A presença das monitoras no projeto permitiu a Marinete participar das atividades sem preocupações. Enquanto ela aprendia sobre agroecologia e gestão dos quintais produtivos, Felipe recebia cuidados especializados e trouxe uma surpresa, até mesmo para sua mãe, quando, no fim das atividades, escreveu seu nome pela primeira vez. 

Foi durante um desses encontros que eu descobri que meu filho já sabia escrever o nome. A cuidadora me contou, e eu fiquei surpresa e muito emocionada, porque eu não sabia que ele estava evoluindo tanto na escola. Foi uma alegria imensa para mim”, conta Marinete.

 

       Felipe Costa participando da oficina - Acervo Marinete

 

A participação de Marinete foi além de aprender técnicas agrícolas. Ela também se tornou uma multiplicadora de saberes recebendo em sua casa 15 mulheres da comunidade para compartilhar o que havia aprendido. 

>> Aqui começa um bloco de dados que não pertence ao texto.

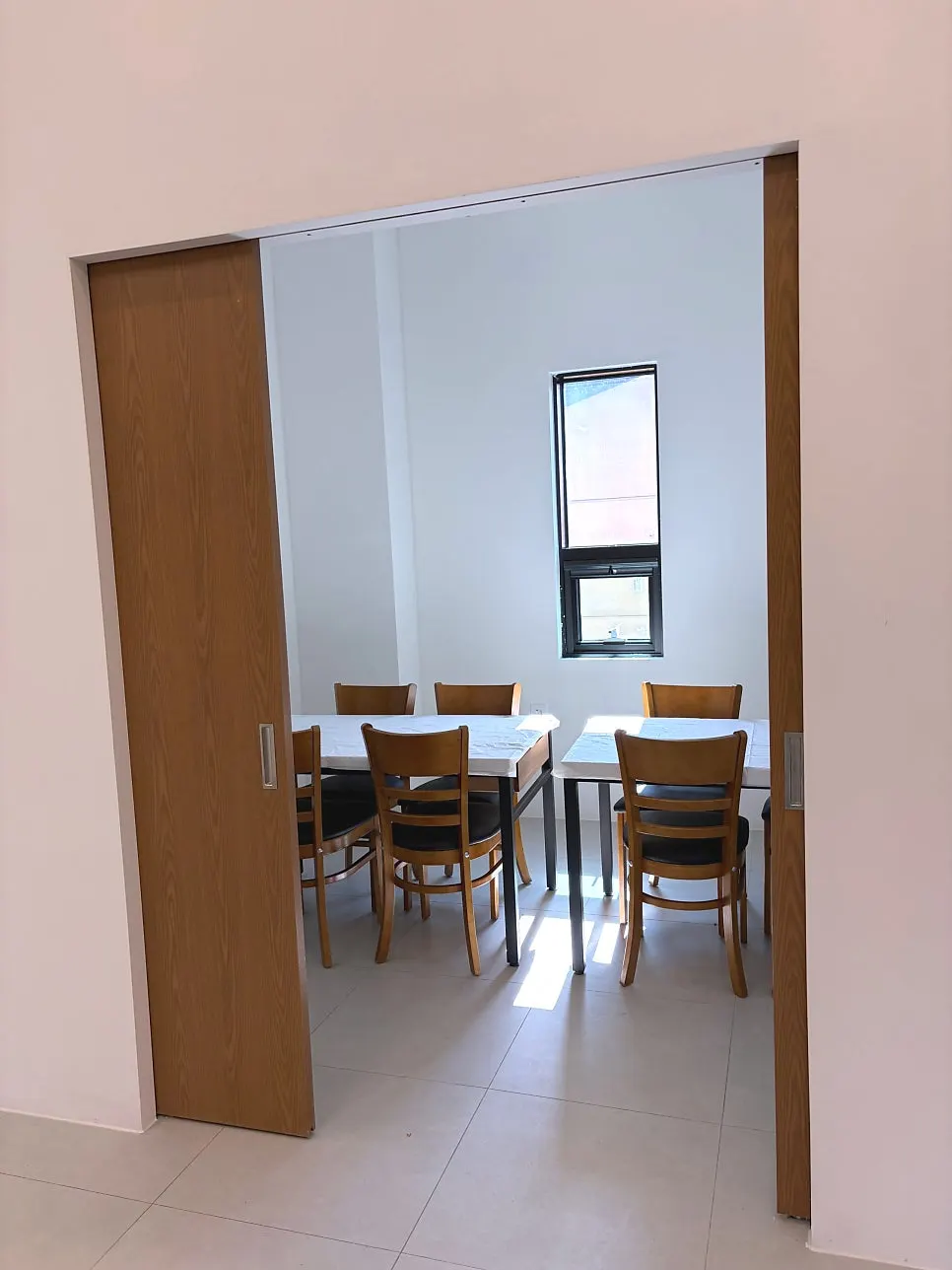 2nd-floor room seating for quiet dining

"Durante o evento, a gente desenhou o mapa da minha casa, mostrando como estou organizando meu quintal produtivo. Foi uma troca de conhecimentos muito rica, porque além de aprender, a gente repassa para outras mulheres. Esse apoio da AS-PTA está sendo fundamental para nós”, explica. 

 

                Mapa da residência de Marinete - Acervo Marinete

 

Os Quintais Produtivos como política pública para o Semiárido

O projeto Quintais Produtivos das Mulheres Rurais, desenvolvido pelo Ministério do Desenvolvimento Agrário e Agricultura Familiar (MDA) , faz parte de um grande movimento de retomada das políticas públicas para o campo. Com um investimento inicial de R$20 milhões em 2023-2024, o programa prevê a implantação de 90 mil quintais produtivos até 2026, fortalecendo a agricultura familiar e a autonomia econômica das mulheres rurais. 

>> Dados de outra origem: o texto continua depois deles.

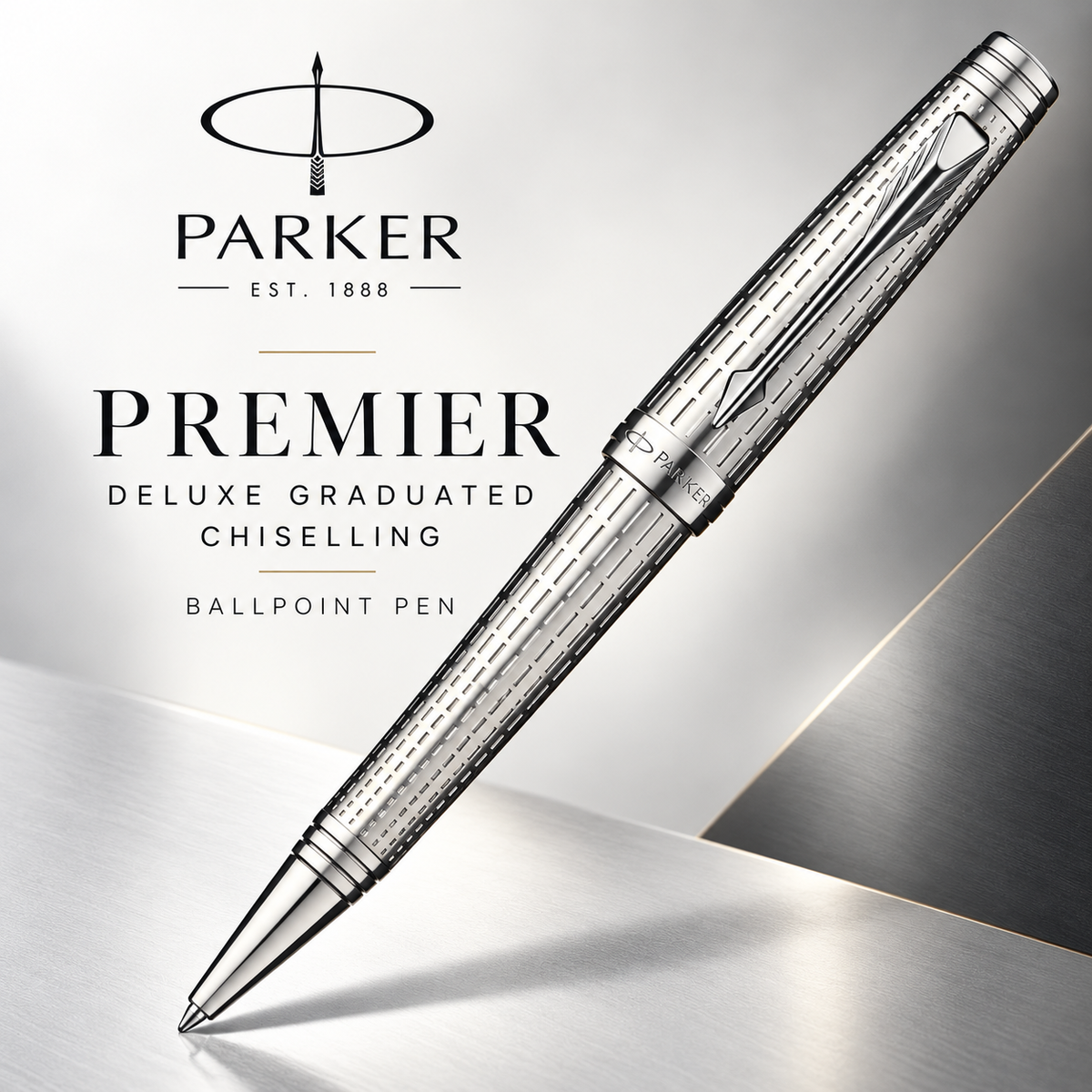 Parker Premier Deluxe Graduated Chiselling Ballpoint Pen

Essa ação é um desdobramento das reivindicações da Marcha das Margaridas , que exige maior democratização do acesso à terra e aos direitos territoriais para as mulheres do campo. O projeto impulsiona a produção agroecológica e contribui diretamente para o enfrentamento da violência do gênero, ao criar espaços seguros onde as mulheres possam se organizar e fortalecer sua independência. 

Ao todo, 2 mil quintais produtivos serão implementados pelo MDA até 2025. Desse total, 1120 serão feitos no Nordeste através da ASA envolvendo 14 organizações.

Com essa iniciativa, o MDA fortalece a agricultura familiar e contribui para a conservação da biodiversidade e promoção de práticas agroecológicas na região.